Global Warming Slows the Winds

Science (May 3, 2006) circ. 126,204

. . . A team led by climate scientist Gabriel Vecchi of the U.S. National Oceanic and Atmospheric Administration examined historical weather records from the equatorial Pacific Ocean dating back to 1861. They found that the difference in pressure between the east and west Pacific has declined since that time, suggesting a weakening Walker circulation. . . . Weakened winds across the Pacific could reduce the upwelling of nutrient-rich water off the coasts of Peru and Ecuador, which could in turn put a damper on biological activity and cause a decline in fishing stocks, the researchers argue in the 4 May Nature.
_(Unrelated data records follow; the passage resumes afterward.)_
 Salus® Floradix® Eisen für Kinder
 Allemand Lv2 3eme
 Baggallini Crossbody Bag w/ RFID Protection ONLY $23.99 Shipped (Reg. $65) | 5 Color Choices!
Slowdown In Tropical Pacific Flow Pinned On Climate Change

Science Daily (May 3, 2006)

The vast loop of winds that drives climate and ocean behavior across the tropical Pacific has weakened by 3.5% since the mid-1800s, and it may weaken another 10% by 2100, according to a study led by University Corporation for Atmospheric Research (UCAR) scientist Gabriel Vecchi. The study indicates that the only plausible explanation for the slowdown is human-induced climate change. . . . "The Walker circulation is fundamental to climate across the globe," says Vecchi.